Para me ajudar nessa reflexão utilizarei o projeto feito em Amí em 2019, batizado de Ciranda e desenvolvido por iniciativa do Mathema. Seu foco é a educação infantil, ou seja, a aprendizagem de crianças de 3, 4 e 5 anos.
Tereza Bettinardi, em seu artigo no Medium, “Livro infantil: fetiche dos designers” faz uma reflexão interessante sobre coisas ditas infantis. Ela leva sua discussão para o campo do livro que circula, ocupa vários espaços (bibliotecas, escolas, casas) e que é um “…objeto que é mais coletivo que individual”, não sendo, portanto, somente um mero atrativo visual.
Esta reflexão se faz muito importante para o desenvolvimento editorial do Ciranda, uma vez que para ele sair do papel tivemos que pensar em formas de relacionar as publicações direcionadas para o público adulto – professores, diretores e coordenadores – e as publicações direcionadas para as crianças – utilizadas dentro da sala de aula.
O projeto nasceu do olhar dedicado para os pequenos (e que aos nossos olhos estão maiores todo dia) e o caminho escolhido foi amenizar o impulso de abraçar o surreal e o extravagante e, sim, imaginar soluções ligadas à realidade das crianças, que, muitas vezes, gostam mais da embalagem do que dos brinquedos, que podem transformar qualquer objeto em um amigo – e até criar um imaginário sem nem precisar do designer. Observamos, então, sua vivência, principalmente dentro da sala de aula. Escrita, músicas, histórias, garatujas (desenhos)…
…o dicionário não sabe de nada (risos). Todo mundo gosta de se ver. Então o nosso “problema” aguardando solução é: “Como as crianças se veem ou enxergam o mundo?”. Precisamos trazer para esta conversa as latentes discussões sobre representatividade racial, de gênero, de formatos de corpos e de pessoas com deficiência. Este pensamento é importante, porque as crianças, apesar de terem suas próprias vivências e escolhas – não nos esqueçamos disso -, são, também, como todos nós, influenciadas pelo que veem, interagem, escutam e consomem. Elas são como dizem: “esponjas”.
E nessa brincadeira vimos graça, exatamente nos recortes disformes (porque é assim que criança corta), nos traços tortos (porque é assim que criança escreve), nos elementos simplificados e de fácil entendimento. Tivemos atenção às tipografias, não como crianças escrevem, mas com a legibilidade garantida para alguém que está começando a conhecer as letras e, numa das experiências mais enriquecedoras, contamos com uma equipe de 30 ilustradores para construir um ambiente extremamente diverso em traços, cores e representatividade de biótipos.

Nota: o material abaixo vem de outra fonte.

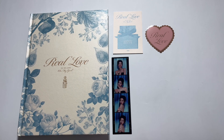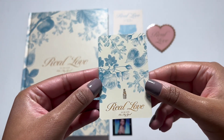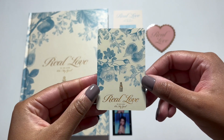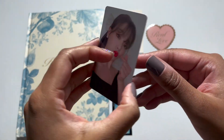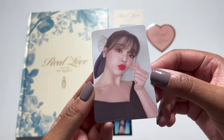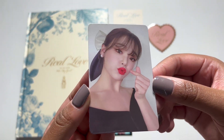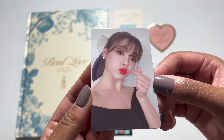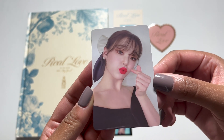There's a lot of photo cards this comeback and I almost wish I had bought two sets, but it is what it is. We have our first photo card — I love this design so much. Oh I got Sunghee! Oh my gosh, she's gorgeous. That red lip — we love it. A little bow in her hair. So cute.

O Ciranda, além de revisitar a história de alguns clássicos da literatura infantil, nos deu a liberdade de propor adaptações nos livros, rompendo com padrões e trazendo novas discussões para a sala de aula. Imagine só uma Cinderela negra? Ou uma lenda chinesa que traz a relação entre um imperador e um rouxinol. Volto a repetir: todo mundo gosta de se ver e merece ser visto. Essas conexões constroem novas bagagens dentro da gente. E se eu vou carregá-la por toda minha vida, quero uma excelente bagagem.
Temos, no Brasil, questões muito complexas e desafiadoras no caminho para uma educação de qualidade para todos. Mas o que nós, designers, precisamos entender quando nos deparamos com uma demanda como a descrita acima, é que uma parte do compromisso com a educação é nossa e que é muito poderoso impactar, positivamente, a qualidade de vida de professores, alunos, coordenadores, diretores e escolas.
O Ciranda foi um projeto muito importante para a Amí e que nos fez aprender um bocado de coisas. Revisitamos histórias e aprendemos bastante sobre o desafio de desenhar e projetar para crianças (e aprendemos muito sobre licenciamento de textos e imagens também, mas quem sabe um dia a gente fala disso por aqui?!).